ポンコツ香港雑記

2016年9月から香港中文大学に交換留学している大学生の日記

暮らし方とこだわり・女子力について考察

様々な韓国の留学生を見たが、メイクや服装へのこだわりとセンスの良し悪し、洗練のされ方は別問題だと感じる。

彼らの「良い見た目になりたい」願望は他者の視線あってのものだ。友達との関係やその延長であるSNS上の自己表現のため、特定の理想像に自分を近づける。素敵な暮らしをして自分の心をときめかせるためというよりは、その憧れに憧れている状態に見える。

そのことが顕著に表れるのが彼らの自室だ。何人かの韓国留学生の自室を見たが、彼らの表にでないところはあまりこだわりがないようだ。今のルームメイトはクラブで踊るのが好き、バレエを習い始めた、などかっこいいキラキライケイケ(?)系を目指す子なのだが、ベッドカバーはむきだしの茶色いキルティング、シーツもIKEAに行ったにも関わらず紺の縞々。寝巻きは謎の熊柄。他の韓国留学生の部屋も行ってみたが似たような感じだった。正直ダサいというか、あれだけ服などには気を使って憧れの像があるのに、そんな生活でいいのか!という感じ。自分好みの気分があがるアイテムで素敵な生活をしようというわけではないようだ。

以前のオランダ人ルームメイトもキラキラ系女子だったが、机のボードに地図や自分の好きなピンク色に統一感をもたせたポストカードを貼ったり、寝具は小花柄だったり、隅々まで自分のこだわりを通していた。

自分の好きを知ってこだわりを通すということは、意外と難しいことなのかもしれない。どのような雰囲気にしたいかイメージを掴み、それに合うものを入手するという一連の行為には手間がかかる。

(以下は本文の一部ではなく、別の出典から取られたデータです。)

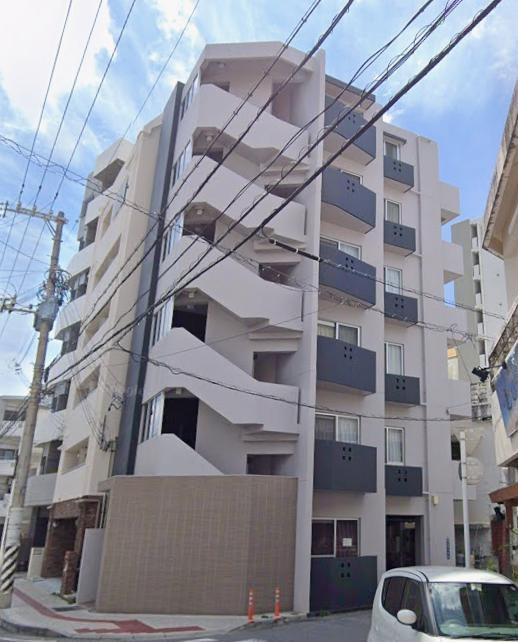 Apartment Building in Maejima, Naha — photograph 1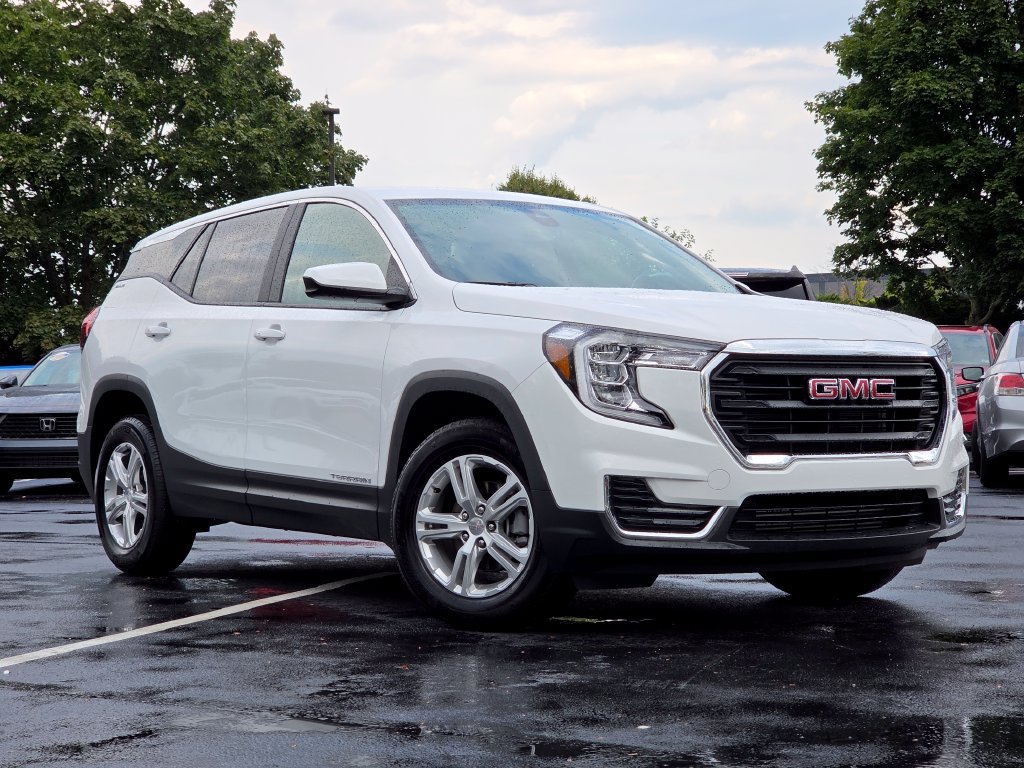 Used 2023 GMC Terrain SLE FWD image 2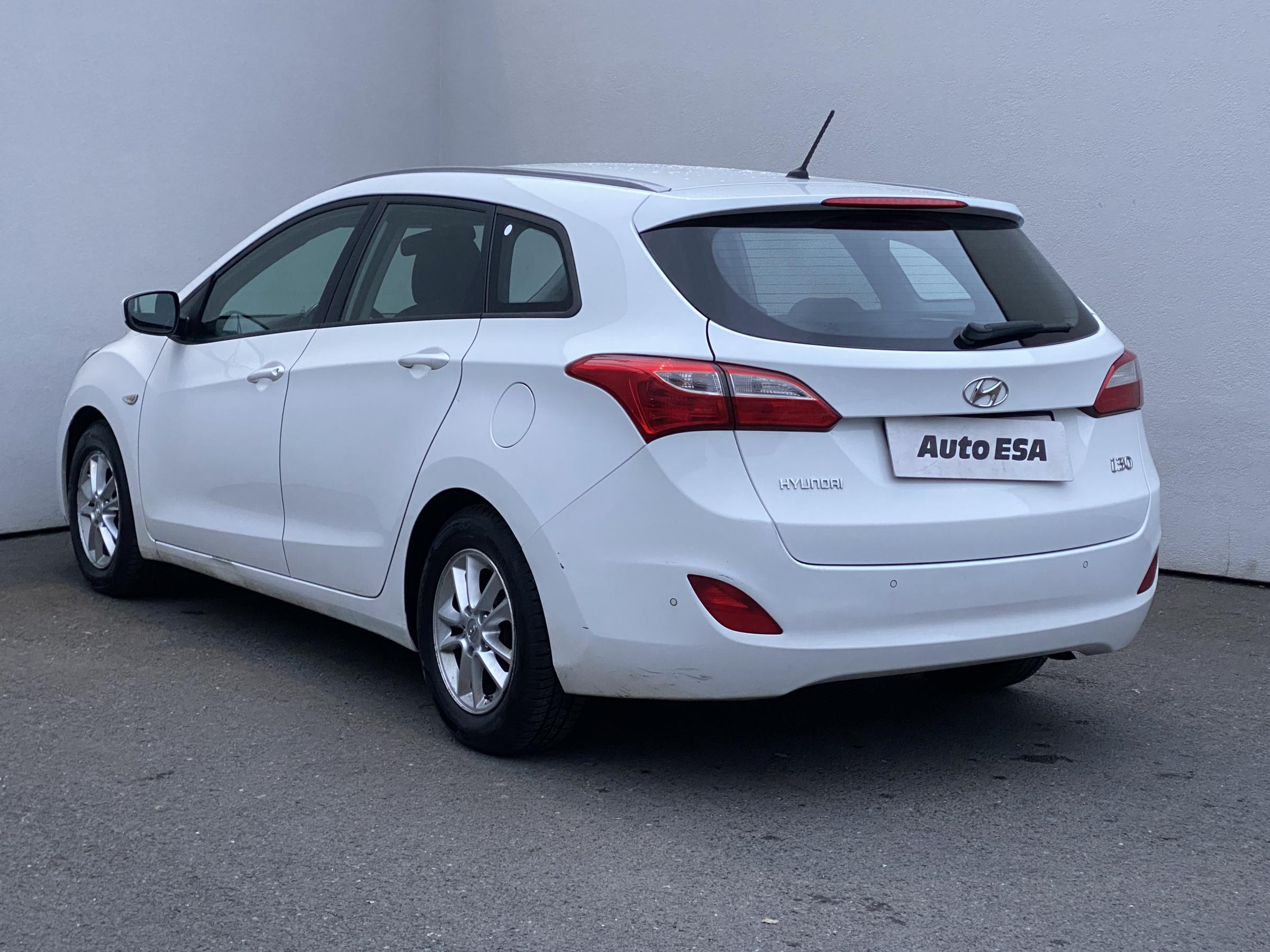 Hyundai i30, 2015 - pohled č. 6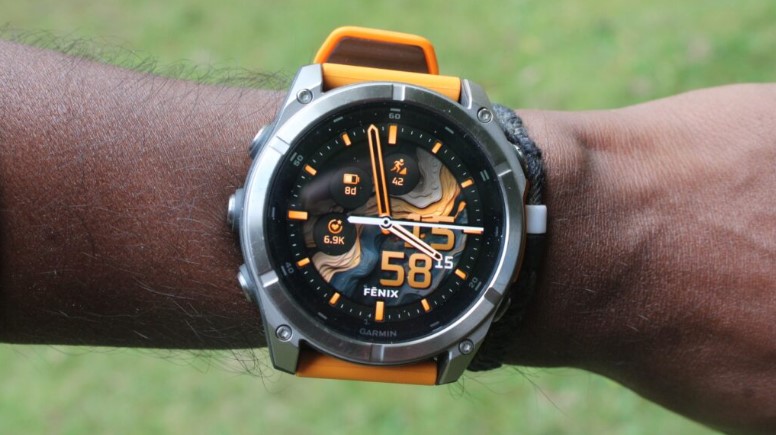 Fenix 8 vs Forerunner 965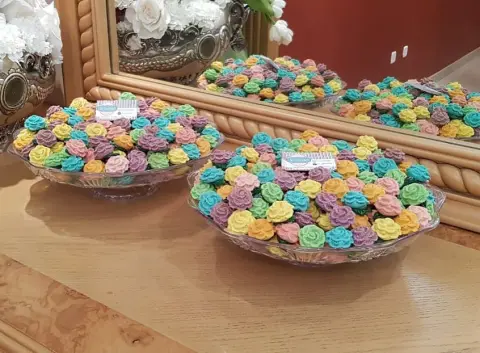 طلبية ميني ورود المعمول بالتمر #معمول #حلويات #تمر#طلبية#جدة#السعودية #اكل#ورود#تصوير #صورة#كاميرا #معجنات #اعلانات#اعلان #افراح#توزيعات #انستقرام #هاشتاق #ولادة #love #instagood #pastry #follow #cute #instagram #me#tbt#jo_goodies#instadaily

さて日本人はというと、様々なアイテムがあり情報も入る環境なので自分の好きの方向性を知っている人は多く、実現性も高い。自分も日本人だから贔屓目かもしれないが、憧れとリアルの距離はかなり近く感じる。

(韓国ドラマの一般家庭設定の家と実際の一般家庭なんて、全く別物だし!)

ただ、ここに「女子力」という壁が立ちはだかっているような気がする。こだわりのある、憧れの生活をしたいとして、全てが完璧でなければ全くないのと同じという考え方だ。何か身の回りのことにこだわっていると「女子力がある」と総括され、それが例え趣味としての服、ネイル、料理などほんの一分野だったとしても、他のことまで生活全て「女子力」が行き渡っているべきだという風潮があるように思う。

手先が器用だからという理由でセルフネイルをしていても、「女子力を向上させる目的」に集約され、それ自体が好きでやっているという理由がすりかえられてしまう。そして女子力があるなら、料理できないと、綺麗な服を着ないと、かわいい雑貨を持っていないと変だ、と自らを束縛してしまう。

このように自分のこだわりを自分の思うように通す過程で壁がありプレッシャーになっているのではないか。